Prefrontal synthesis (PFS, also known as mental synthesis) is the conscious purposeful process of synthesizing novel mental images. PFS is neurologically different from the other types of imagination, such as simple memory recall and dreaming. Unlike dreaming, which is spontaneous and not controlled by the prefrontal cortex (PFC), PFS is controlled by and completely dependent on the intact lateral prefrontal cortex. Unlike simple memory recall that involves activation of a single neuronal ensemble (NE) encoded at some point in the past, PFS involves active combination of two or more object-encoding neuronal ensembles (objectNE).
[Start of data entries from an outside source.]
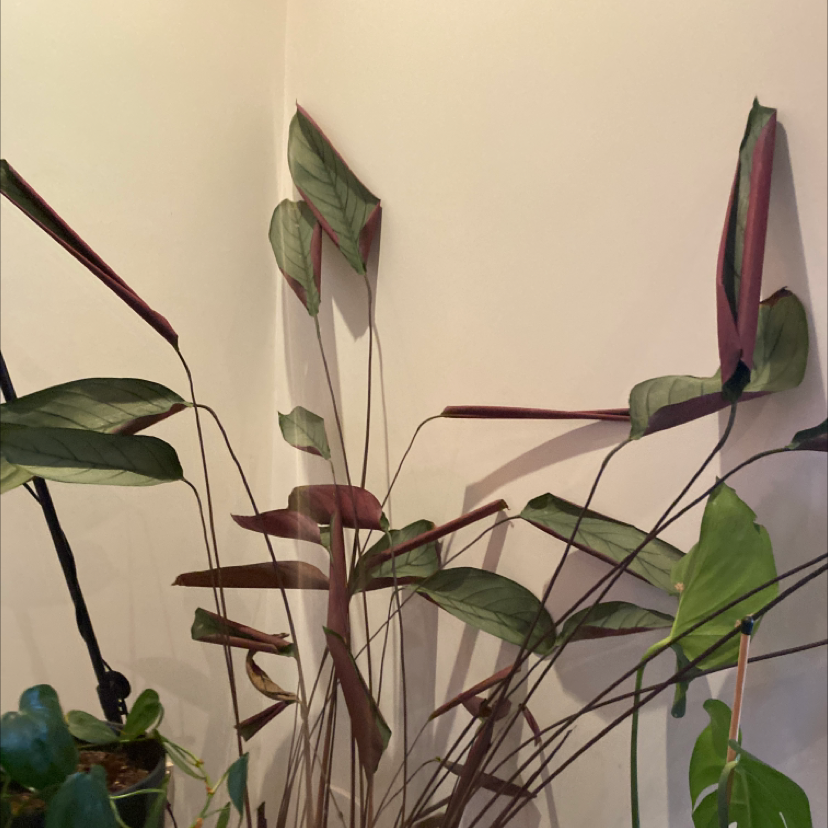 Never Never Plant 'Grey Star' with elongated, lance-shaped leaves, well-framed and healthy.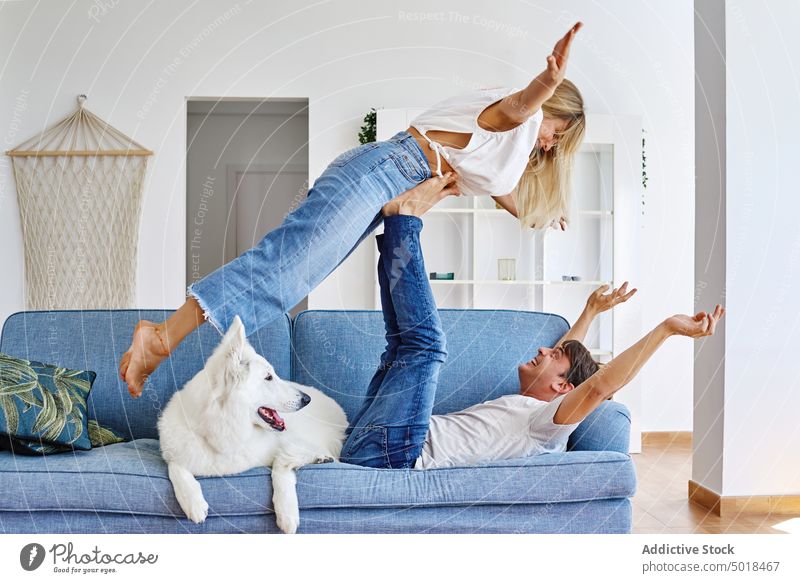 Glückliches Paar hat Spaß auf dem Sofa zu Hause Spaß haben heben heimwärts heiter Zusammensein Hund Liege positiv Partnerschaft weißer Schweizer Schäferhund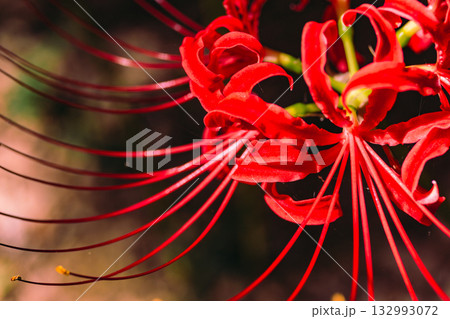 御嶽山自然森の公園　彼岸花4ー3 132993072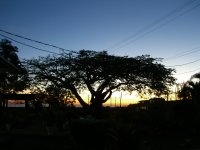 Takutu Tree at Sunset
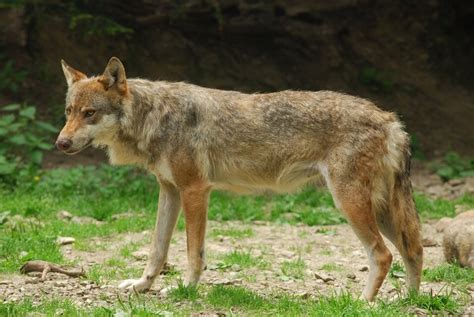 What Is An Italian Wolf An Incredibly Fierce Predator From The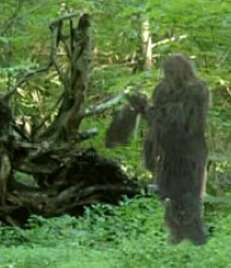 Screenshot_2015-11-29-05-52-23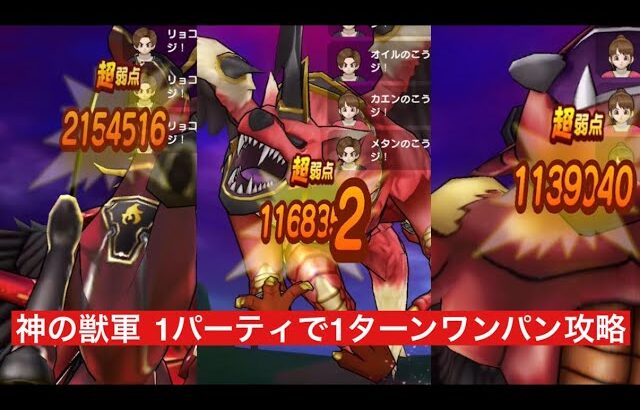 神の獣軍 1パーティで1ターンワンパン攻略 【ドラクエウォーク】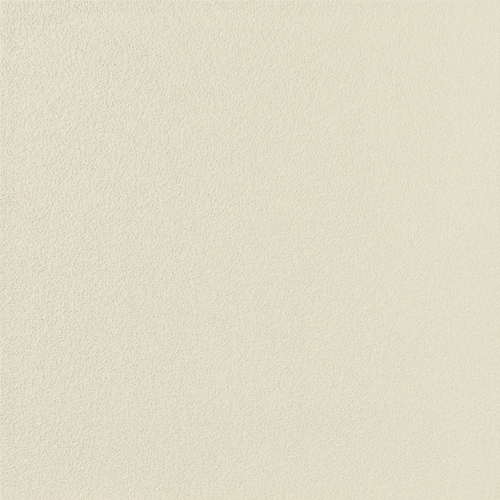 Neutral White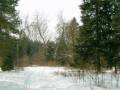 autorzy:fedar:20050305_muszaki:006_chwalibogi.jpg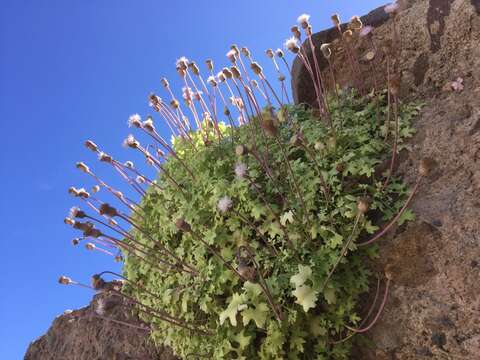 Image of Hofmeisteria fasciculata (Benth.) Walp.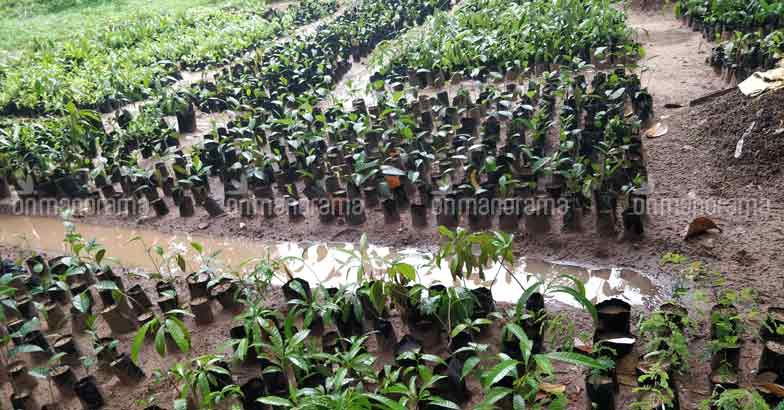 Nattumara Nursery: a growth patch for green ideas, 35k saplings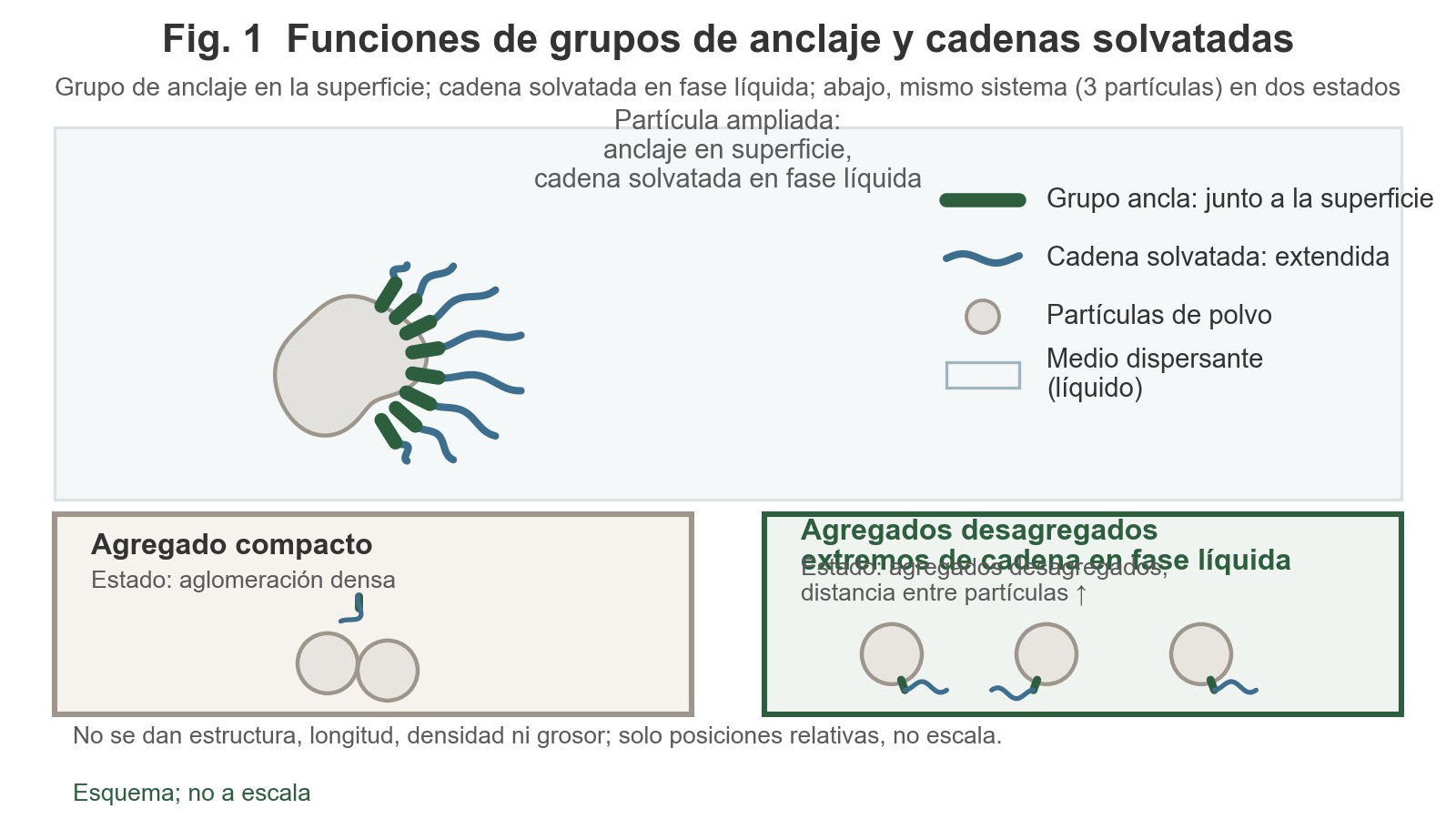 El grupo de anclaje se adhiere a la superficie de las partículas de polvo y la cadena solvatada se extiende hacia el medio de dispersión; debajo se muestran en paralelo dos estados: «partículas fuertemente aglomeradas» y «partículas dispersas con los extremos de las cadenas libres».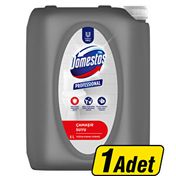 Domestos 5 lt Pro Çamaşır Suyu
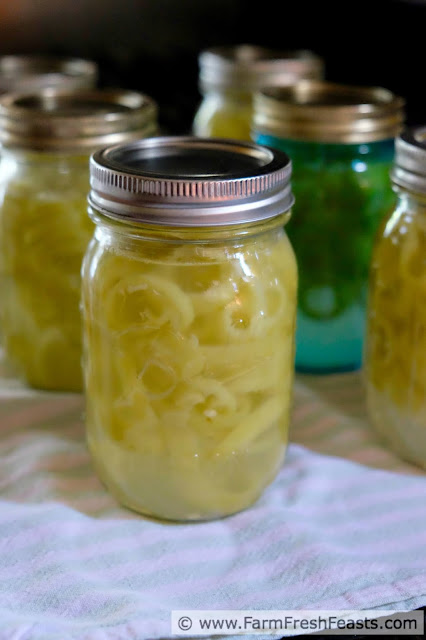 http://www.farmfreshfeasts.com/2015/07/pink-pickled-banana-peppers-for.html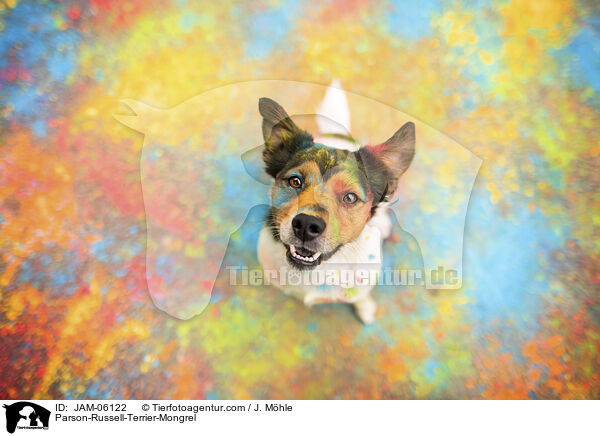 Parson-Russell-Terrier-Mix / Parson-Russell-Terrier-Mongrel / JAM-06122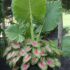 Elephant Ears Plants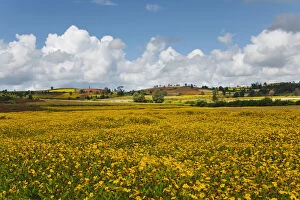 Burma Gallery: Landscape of yellow mustard field, Heho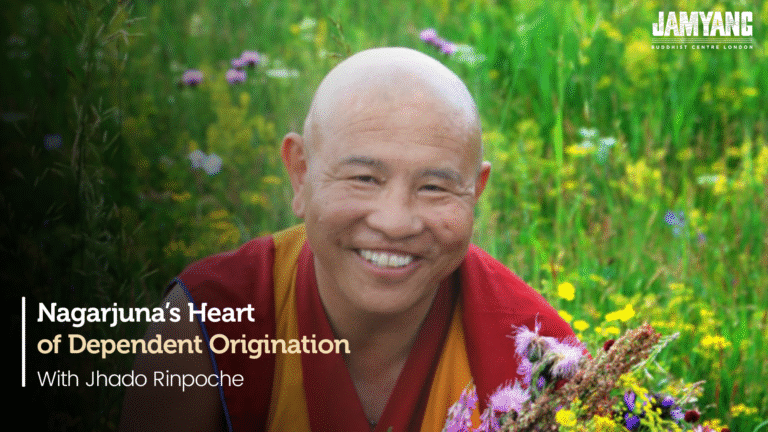 Nagarjuna's Heart of Dependent Origination with Jhado Rinpoche (2024)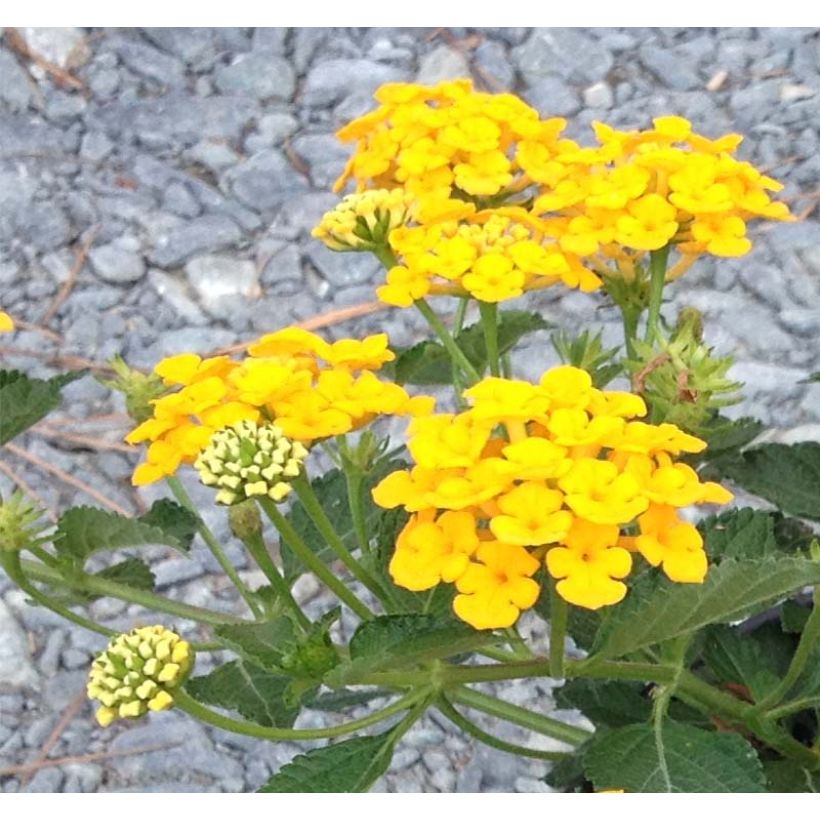 Lantana camara Chapel Hill Gold (Flowering)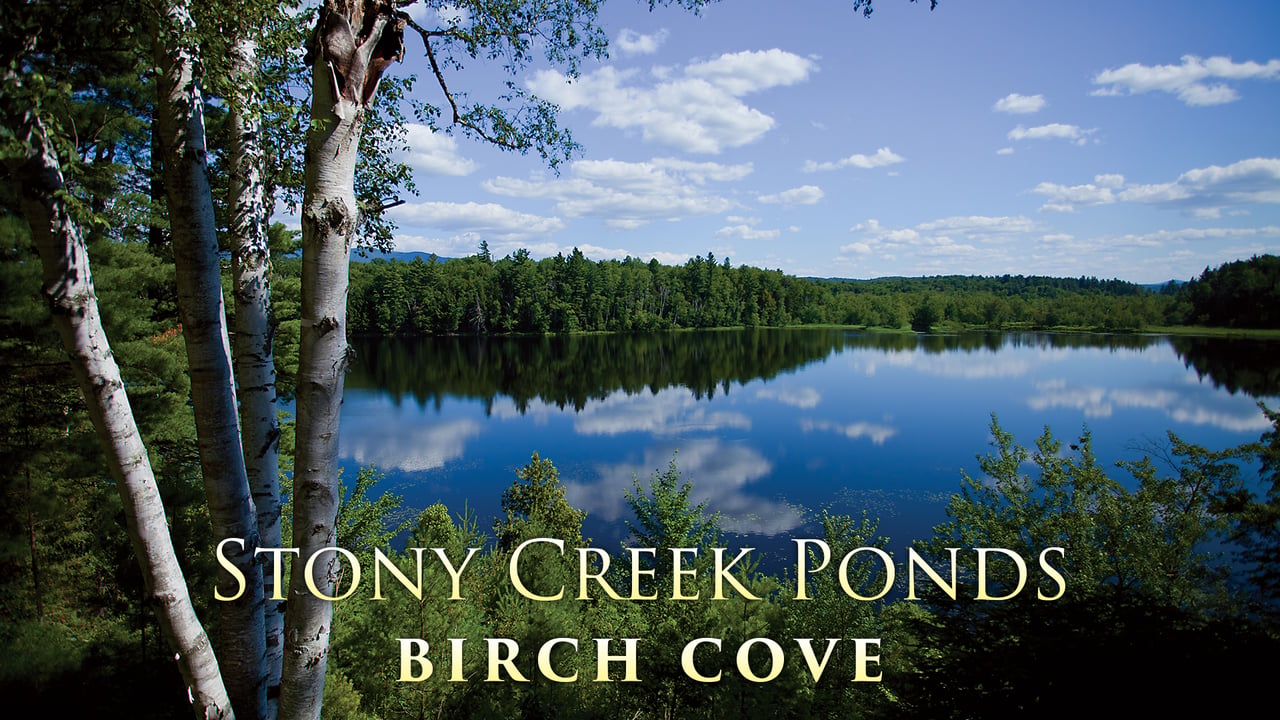 Stony Creek Ponds Tupper Lake (Legacy Video)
The mechanism of PFS is hypothesized to involve synchronization of several independent objectNEs. When objectNEs fire out-of-sync, the objects are perceived one at a time. However, once those objectNEs are time-shifted by the lateral PFC to fire in-phase with each other, they are consciously experienced as one unified object or scene.

==History of the term==

The earliest reference to mental synthesis is found in the doctoral dissertation of S. J. Rowton written in 1864. Paraphrasing Cicero's description of nature that can only be unified in someone's mind, S. J. Rowton writes: "... there cannot be one thing unless by a mental synthesis of many things or parts ..."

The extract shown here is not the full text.